Given data |
--
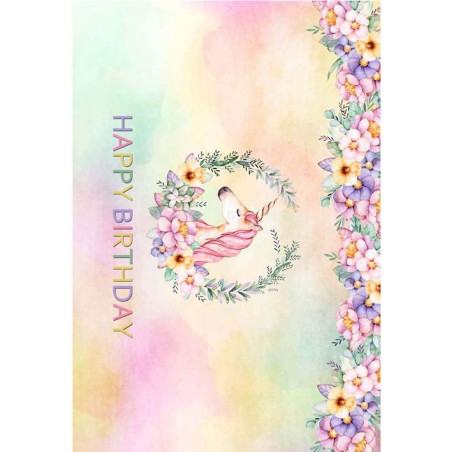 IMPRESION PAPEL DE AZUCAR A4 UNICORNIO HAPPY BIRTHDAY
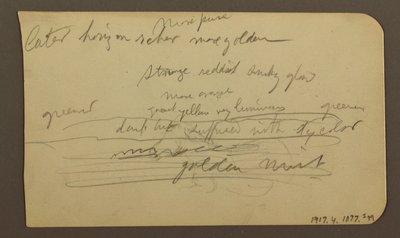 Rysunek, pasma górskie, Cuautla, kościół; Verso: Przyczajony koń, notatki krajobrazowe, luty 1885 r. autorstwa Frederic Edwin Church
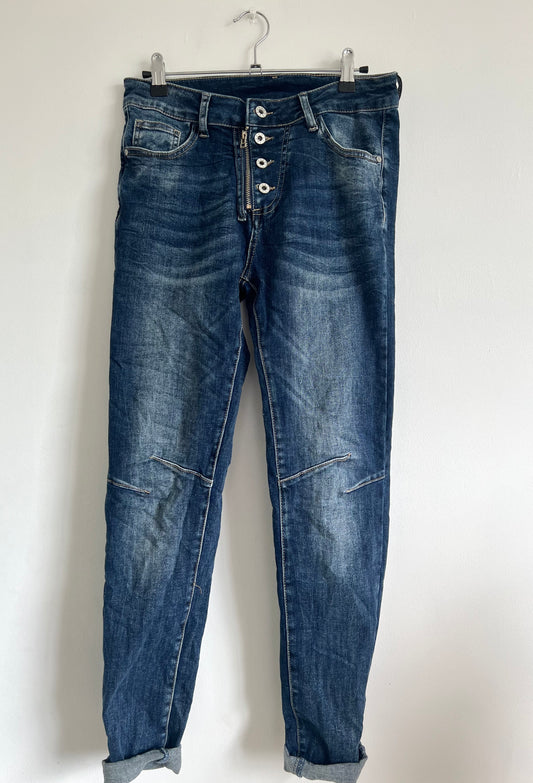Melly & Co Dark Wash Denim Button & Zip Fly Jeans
--
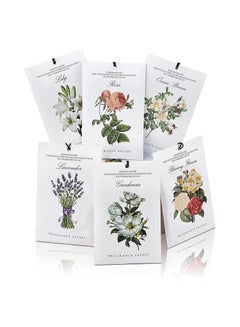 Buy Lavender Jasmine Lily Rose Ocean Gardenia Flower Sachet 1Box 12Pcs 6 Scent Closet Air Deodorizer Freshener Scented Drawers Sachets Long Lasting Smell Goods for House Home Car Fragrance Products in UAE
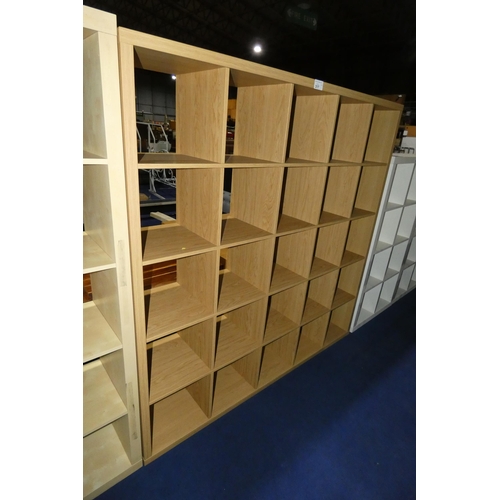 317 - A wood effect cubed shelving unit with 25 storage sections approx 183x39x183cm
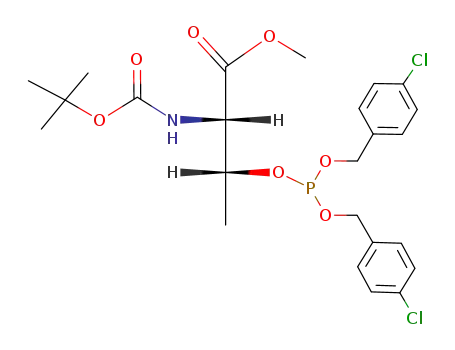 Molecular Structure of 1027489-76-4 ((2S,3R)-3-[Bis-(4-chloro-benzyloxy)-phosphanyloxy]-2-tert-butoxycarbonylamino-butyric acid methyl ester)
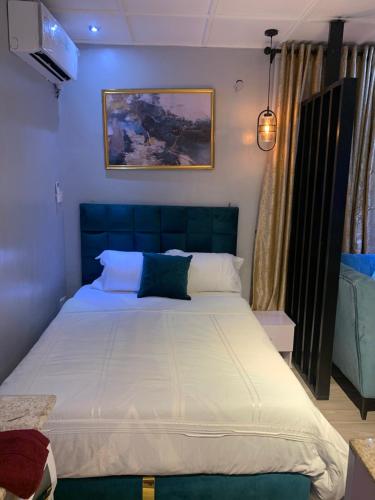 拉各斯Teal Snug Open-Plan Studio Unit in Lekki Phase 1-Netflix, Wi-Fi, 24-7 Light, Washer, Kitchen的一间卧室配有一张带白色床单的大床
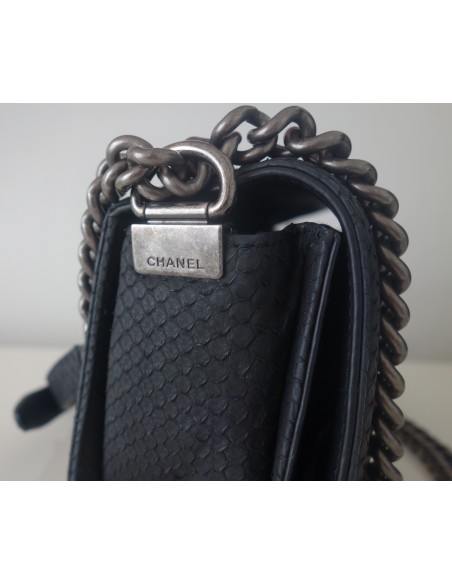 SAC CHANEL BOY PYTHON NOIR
--
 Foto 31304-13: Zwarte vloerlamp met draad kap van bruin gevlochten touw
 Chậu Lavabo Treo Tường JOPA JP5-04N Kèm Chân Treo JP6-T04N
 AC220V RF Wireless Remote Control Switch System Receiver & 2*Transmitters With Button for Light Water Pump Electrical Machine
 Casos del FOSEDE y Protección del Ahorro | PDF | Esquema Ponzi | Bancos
--
Work request | Go to the line above that has "Molecular Structure of" and copy exactly from there down to the line that has "SAC CHANEL BOY PYTHON NOIR", both included. Leave the pictures out.

Response |
 Molecular Structure of 1027489-76-4 ((2S,3R)-3-[Bis-(4-chloro-benzyloxy)-phosphanyloxy]-2-tert-butoxycarbonylamino-butyric acid methyl ester)
 拉各斯Teal Snug Open-Plan Studio Unit in Lekki Phase 1-Netflix, Wi-Fi, 24-7 Light, Washer, Kitchen的一间卧室配有一张带白色床单的大床
 SAC CHANEL BOY PYTHON NOIR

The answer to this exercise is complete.